What is the Klein-Gordon equation?

The Klein-Gordon equation is a relativistic wave equation that describes the behavior of a massive, spinless particle in quantum mechanics. It was proposed by physicists Oskar Klein and Walter Gordon in 1926.

How is the general solution to the Klein-Gordon equation derived?

The general solution to the Klein-Gordon equation is derived through mathematical techniques such as separation of variables, Fourier transforms, and complex analysis. These techniques involve manipulating the equation to find a set of solutions that satisfy the equation for all possible initial conditions.

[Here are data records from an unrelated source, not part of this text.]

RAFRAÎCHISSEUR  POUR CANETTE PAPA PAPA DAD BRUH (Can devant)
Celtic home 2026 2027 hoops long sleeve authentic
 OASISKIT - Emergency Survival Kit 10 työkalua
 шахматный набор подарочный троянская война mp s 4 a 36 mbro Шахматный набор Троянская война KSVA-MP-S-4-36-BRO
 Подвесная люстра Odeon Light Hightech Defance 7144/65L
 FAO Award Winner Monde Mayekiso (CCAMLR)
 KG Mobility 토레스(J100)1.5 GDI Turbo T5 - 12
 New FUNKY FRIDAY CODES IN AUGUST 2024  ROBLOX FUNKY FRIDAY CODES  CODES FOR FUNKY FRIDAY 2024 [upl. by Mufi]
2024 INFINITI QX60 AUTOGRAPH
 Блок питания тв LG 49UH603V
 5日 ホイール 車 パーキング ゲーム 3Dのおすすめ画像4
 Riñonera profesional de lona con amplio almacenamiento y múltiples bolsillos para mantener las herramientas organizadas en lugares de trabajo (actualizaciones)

What are the physical implications of the general solution to the Klein-Gordon equation?

The general solution to the Klein-Gordon equation provides a mathematical representation of the behavior of a quantum particle. It can be used to predict the position and momentum of the particle at any given time, as well as its energy and other physical properties.

Can the general solution to the Klein-Gordon equation be applied to all particles?

The Klein-Gordon equation is applicable to massive, spinless particles such as the Higgs boson. However, it does not accurately describe the behavior of particles with spin, such as electrons and protons. For these particles, the Dirac equation or other more complex equations must be used.

Are there any limitations to the general solution of the Klein-Gordon equation?

Like any other mathematical model, the general solution to the Klein-Gordon equation has its limitations. It does not take into account interactions between particles or the effects of external forces. It is also a non-relativistic equation and cannot accurately describe the behavior of particles at high energies.